Rio may have been the last chance for US President Joe Biden to back policies that Trump is more hostile to, like climate change and the proposed tax on billionaires. Biden told the gathering that developing countries need "enough firepower and access to capital" to protect their nations from the effects of climate change.

The G20 leaders recognized the need for trillions of dollars in climate finance for low-income countries, but failed to mention the need to transition away from fossil fuels. While the last point may have been welcomed by Trump, the US president-elect is set to wind down US financing of climate initiatives, which could now be an excuse for other countries to follow suit, citing their many domestic challenges.

"Because of the economic stress that advanced economies are under and the debt taken on during the pandemic, the likelihood of a step change in amounts of international public finance for climate action is pretty unlikely," said Butler.

New tax on ultra-rich moves forward

Lula continued the push for a new tax on the world's wealthiest people, who French economist Gabriel Zucman estimates pay an effective tax rate of just 0.3% of their wealth. The proposed levy could raise up to $250 billion (€237 billion) annually from the nearly 2,800 billionaires globally.

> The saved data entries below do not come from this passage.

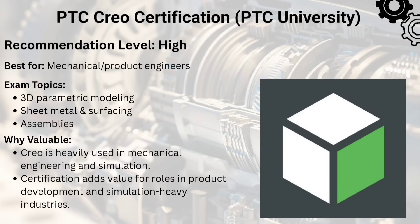The last and tenth one is the PTC Creo Certified Professional. Creo is big in product manufacturing and engineering. This certification validates your skills in parametric modeling, assemblies, and real-world design analysis.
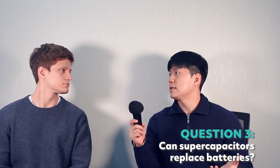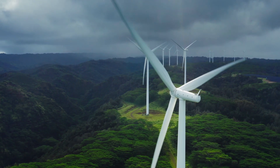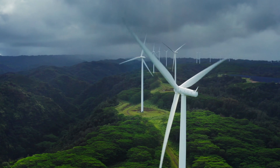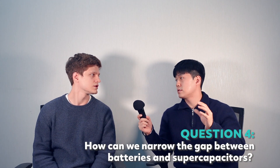Can supercapacitors replace batteries? The answer is yes and no. Due to the limitations of supercapacitors, they are not able to replace batteries in 100% of industries. However, year after year, with the improvement of supercapacitor technology, their area of usage is increasing. There are some fields where supercapacitors have already replaced batteries, and there are many areas where batteries and supercapacitors complement each other.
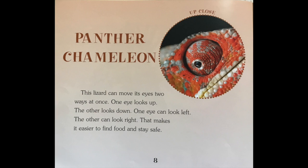Panther chameleon. This lizard can move its eyes two ways at once. One eye looks up while the other looks down. One eye can look left while the other can look right. That makes it easier to find food and stay safe.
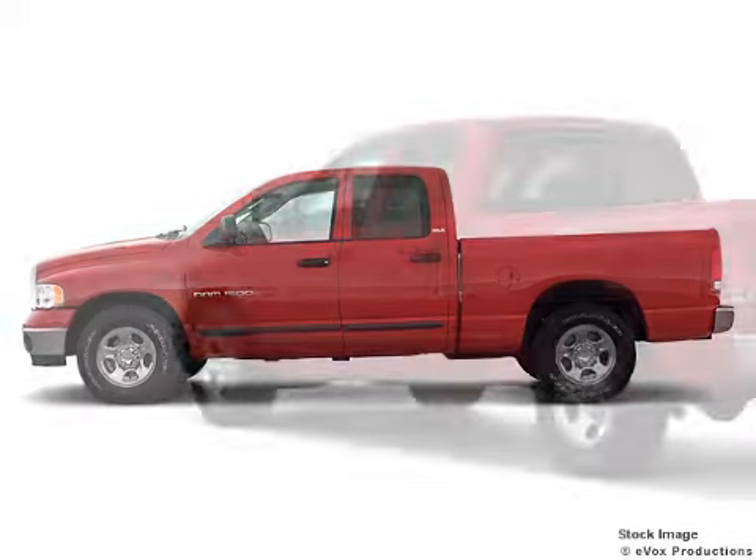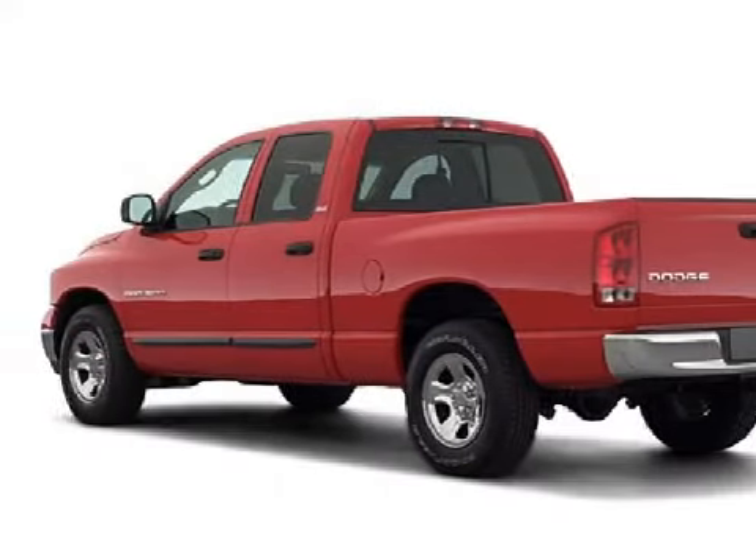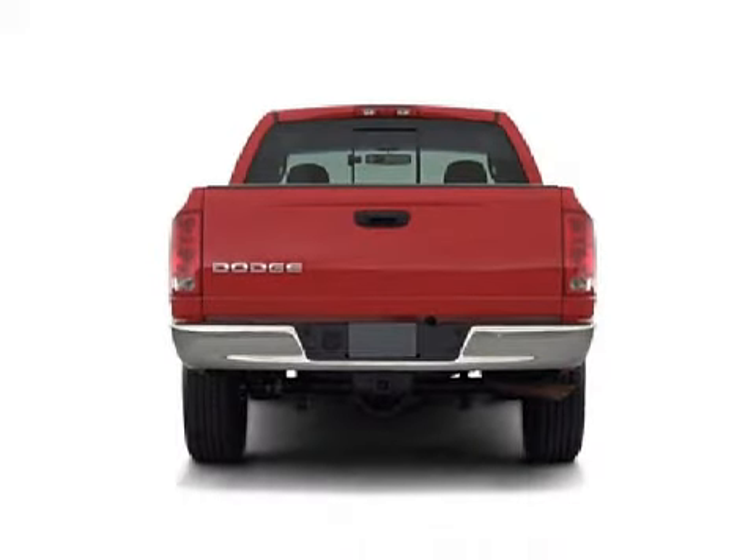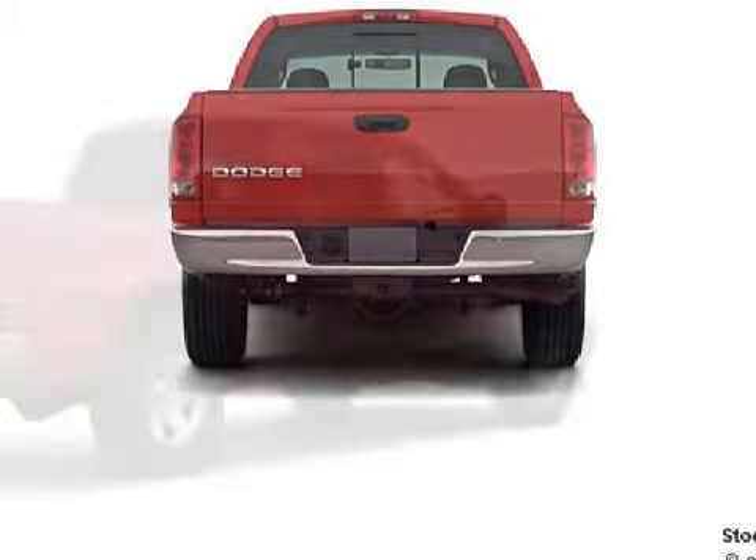This great 2002 Dodge Ram 1500 comes equipped with a responsive 4.7-liter 8-cylinder 16-valve engine, an effortless transmission, and has rear-wheel drive.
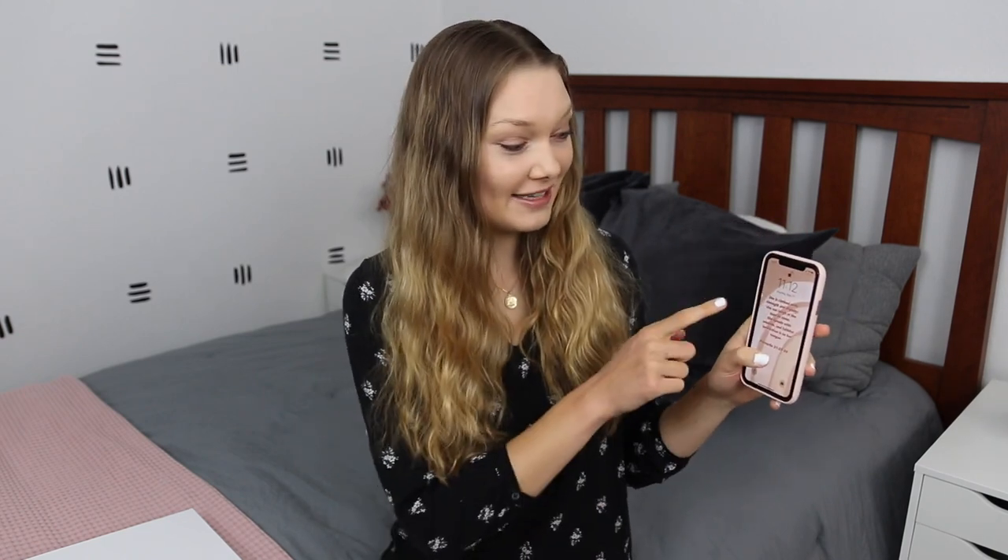I have the iPhone 11 right now, the red one as you guys can see, and here's my cute little case — I got it from Casetify. I have recently just been loving light pink for my lock screen. This is what it looks like. It has a Bible verse and I actually made it myself.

Their combined fortune is some $13.5 trillion, according to the Forbes World's Billionaires List.

Advocates for the wealth tax have said the funds raised could be used to tackle growing global inequalities and climate projects, especially among heavily indebted low-income countries. And while the final communique said G20 would "seek to engage cooperatively to ensure that ultra-high-net-worth individuals are effectively taxed," the leaders didn't create a binding agreement on implementing a global wealth tax.

"Although the final G20 communique is purely political, it could now be a useful tool to help advocate for the wealth tax to pressure governments that are against the proposal — like Germany, the United States, the United Kingdom, and Canada," GIGA's Marques argued.

However, with tax affairs being fiercely guarded at the national level, concerns about hurting economic growth, and administrative costs, Butler was doubtful that any binding agreement on a billionaire tax would be forthcoming.

"Even within a very aligned group of countries like the EU, it is difficult to get common approaches to taxation. So I'm skeptical that it can be done globally, and even more skeptical for when Trump returns to office," he said.